Court Decision Sends Shares of Leviathan Partners Higher

Ratio's stock up nearly 7% and Delek Group shares rise more than 2% following Supreme Court ruling allowing 40% of domestic natural gas to be exported

Shares of the partners in the giant Leviathan natural gas field rallied yesterday, a day after the Supreme Court rejected a pair of legal challenges to a cabinet decision on natural gas exports.

Shares for Ratio, which owns 15% of Leviathan, led the gains, closing up 9.1% on turnover of NIS 86 million in Tel Aviv Stock Exchange trading. Avner Oil Exploration and Delek Drilling, which each hold 22.7% of the field, finished up 2.6% and 2.1%, respectively. Yitzhak Tshuva's Delek Group, which controls Avner and Delek Drilling, rose 2.9%.

"The court's decision reduced the risk profile of the Leviathan field," said UBS energy analyst Roni Biron. "I believe that the biggest upside can now be found with Ratio. Our model prices the Leviathan natural gas field at $6.7 billion, based on the current level of risk."
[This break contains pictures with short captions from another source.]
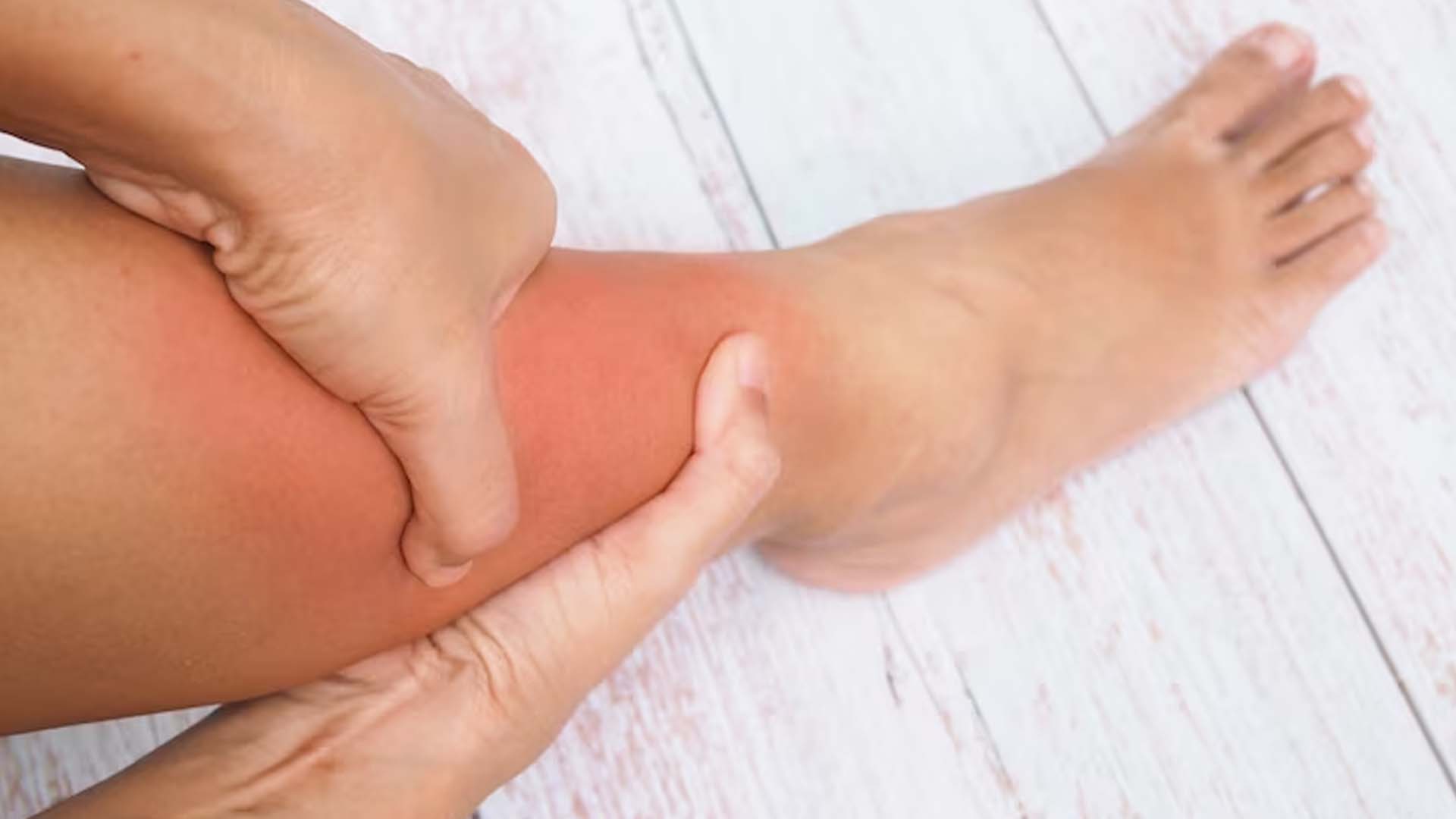 What are the Home Remedies for Edema?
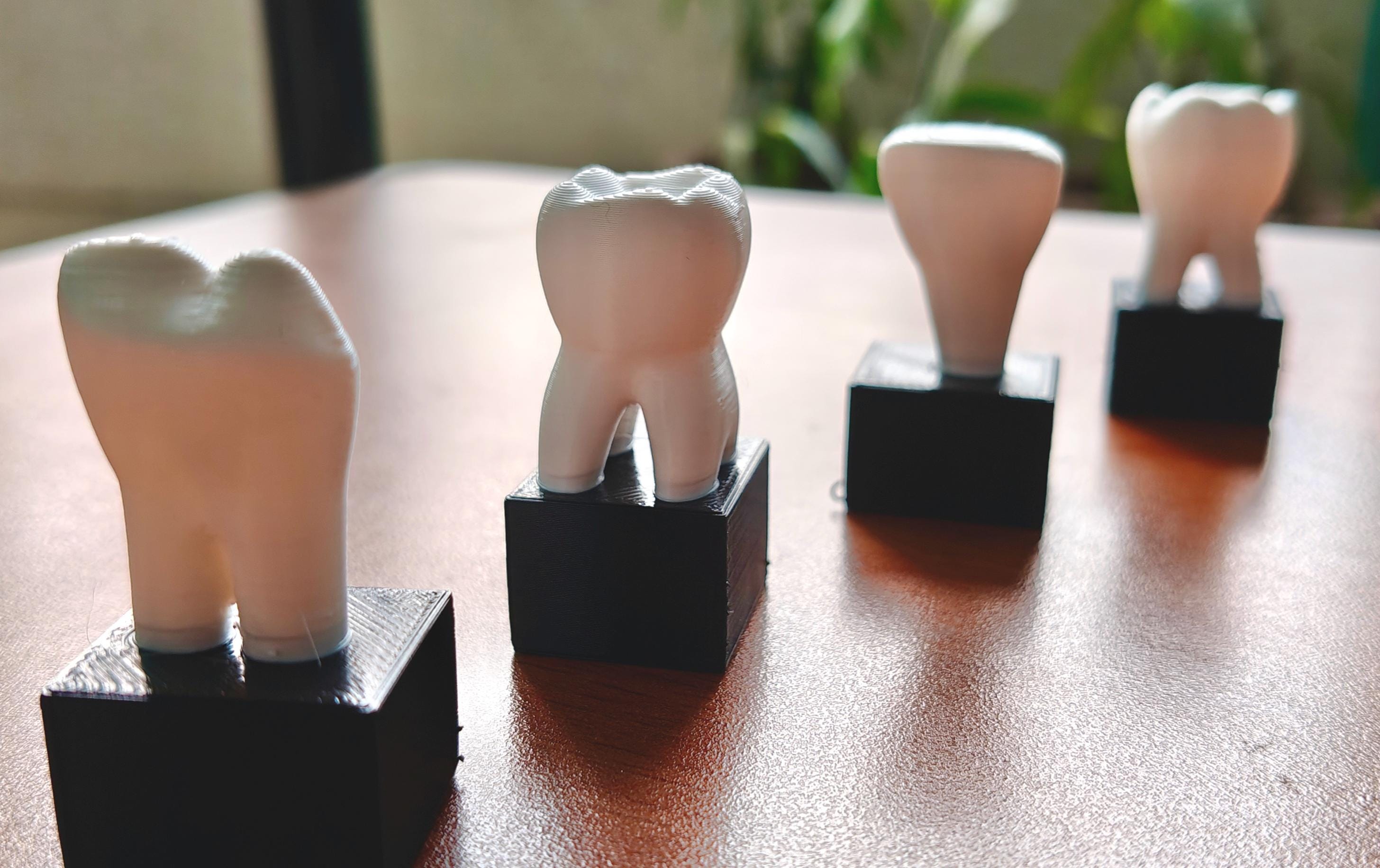 4-Piece Dental Model Set | Detailed Tooth Anatomy | Dentist Office Display | Dental School Teaching Tool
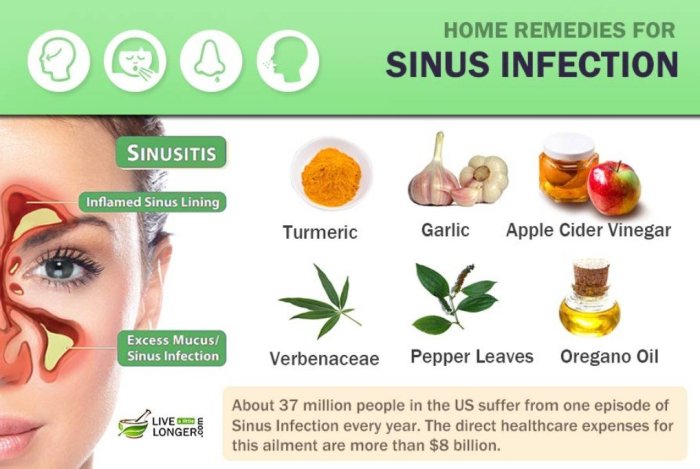 Cara Mengatasi Sinusitis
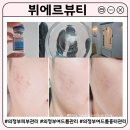 세븐일레븐 의정부센트럴타워점 | 의정부 피부관리 잘하는 곳 | 여드름 흉터관리 화이트 스피큘 뷔에르뷰티 재방문 후기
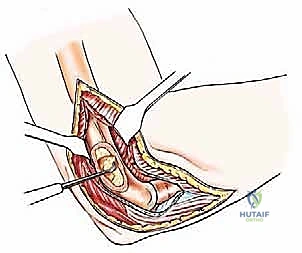 صورة طبية: علاج نقائل العضد السرطانية جراحياً في صنعاء استئصال وإعادة بناء متقدمة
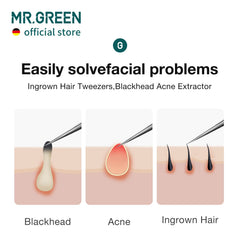 MR.GREEN pinzas para extracción de astillas con precisión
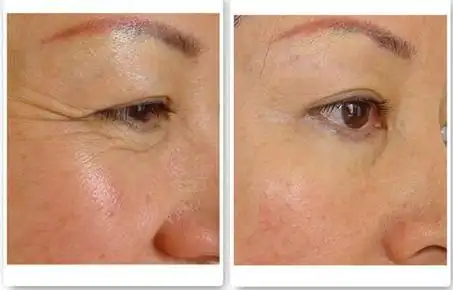 去鱼尾纹前后对比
In New York Stock Exchange trading, shares of Nobel Energy - the Texas-based partner in Leviathan with a 40% stake - were up 1.1%.

The court turned down an appeal filed by environmental and social justice groups as well as Knesset members who contended the decision on exports should be made in the Knesset. The main beneficiaries are the partners in the offshore Leviathan field, which contains an estimated 19 trillion cubic feet of natural gas. Under the guidelines approved by the cabinet, they will be allowed to export three quarters of that.

An important ramification of the court ruling is that it will likely mean that an agreement signed by the energy company Woodside Petroleum last December to buy a stake in Leviathan will go through. The Australian company agreed to purchase a 30% stake in a deal that valued the entire gas field at $5 billion and lend its expertise in developing liquefied natural gas facilities and selling to markets in East Asia.

"The court's decision adds further certainty to the gas export policy settings on which Woodside based its proposed investment in the Leviathan field," a Woodside spokesman said.

Woodside's patience in waiting for regulatory obstacles to be removed made the deal more likely, said Bank Leumi energy analyst Ella Fried. However, she warned, the alternative of exporting the natural gas through a pipeline to Cyprus or Turkey still loomed as a threat to the Woodside deal.

Fried agreed that Ratio was the biggest beneficiary from the court's decision, but said she still preferred Avner and Delek Drilling because they hold stakes in the Tamar field as well, which has already begin production. "Ratio is still the riskiest asset among the stocks [in the partnership]," she said.